Q.F was really nice ydae n said he cld "pretend he never see huiching n charge only e 2 of us" but we told e lady at e counter alr.. he gave us another bowl of nuts thou.. :*) n i passed it to Bee. n Ching pushed Bee n SPLaaaaaaT *i'm not sure if falling nuts go splat but wth* e whole bowl of nuts sprawled all over e floor, Outside our room! felt so guilty n we volunteered to clean up. again. (e other time was Bee n i n we cleaned up e room ourselves thou they urged us not to) Ching took e Broom from e custodian dere n swept it all up. haha.. luckily Q.F dint notice it or it wld be terrible.

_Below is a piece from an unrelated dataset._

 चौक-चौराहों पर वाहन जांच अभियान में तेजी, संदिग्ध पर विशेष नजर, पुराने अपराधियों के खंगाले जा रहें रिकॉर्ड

Bee n i went to order a cake fer Ching n asked fer 17 candles but e lady said it wld den rain in our room. (as it might ignite e fire alarm thingy n water wld sprinkle out? <-- fer courtesy of Ching hu dint geddit XD) hahz.. i doubt so lor! so we settled with 1 miserable candle *:)

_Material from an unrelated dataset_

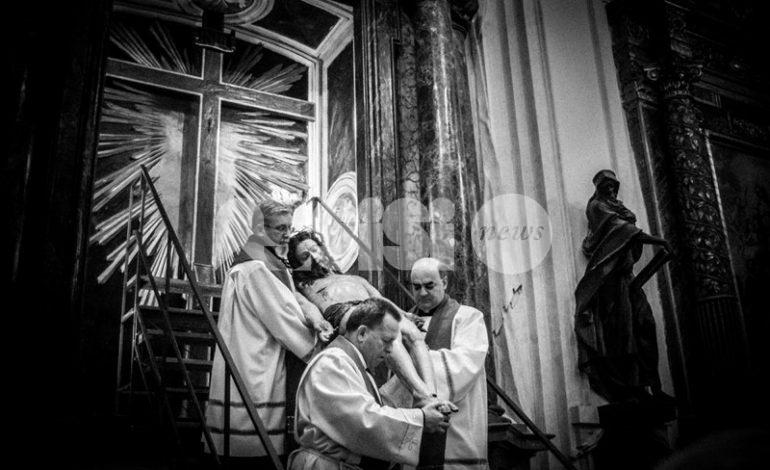 Pasqua 2023, oggi ad Assisi è il giorno della Scavigliazione: domani la processione del Venerdì Santo (foto)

Q.F brought it in n i said "wah ching u c he so nice, buy u cake leh!" rubbish rights. haha... Bee kept saying wrongly --> "quick blow e... CAKE!" so Ching n i kept blowwing at e CAKE instead of e CANDLES. *hilarious* oh n we shared e cake wif e workers dere.. even e sweeper *:) we left a slice fer Yin as she was dropping by :*)

As we were going krazy in e room, e room opposite us were too. but they r so much older can?! as we were leaving, i told Bee "eve tt grp of guys cum n wan to make frens wif mi i wld juz die" n they did! observe:

them: eh u! come in leh sing 1 song with us can. 1 only.
me: huh, er no need lahs. i'm leaving alr. with my frens *points*
them: haiya.. 1 of us can drive u back
me: dots. nah.
them: den change contacts loh.

my brains were screaming "NOoooOooOO!" bud i cldnt really choose. cuz they kept pestering mi. n they looked scary can. Malaysia ppl. :x *i dont mean tt all m'sia ppl r scary lahs* n they r..... e stunner.... 23!!! they can be my elder bro! holy crap. only 1 guy looked proper, e 1 in white. he looks not bad actually *laughs* but he's asking contacts fer his *shivers* frens.e 1 hu wanted to noe mi was 21 n doesnt look tt scary. but aftwards 2 other scarier ones wanted to noe Ching n Yin. My gdness. ran away asap aft givin 'em my contact *knowing deep down tt i wldnt reply 'em at all* how stupid of me! sld have given a wrong number! they kept calling n Bee n e rest helped to pick up *phew*

wen i got home they kept calling again so bee, ching n i conferenced n added 'em in. yup, only e white shirt guy was proper. n.. his name is... Wilson! so his name in my phonebk is "Wilson2 -kbox2" as e previous waiter was "Wilson -Kbox"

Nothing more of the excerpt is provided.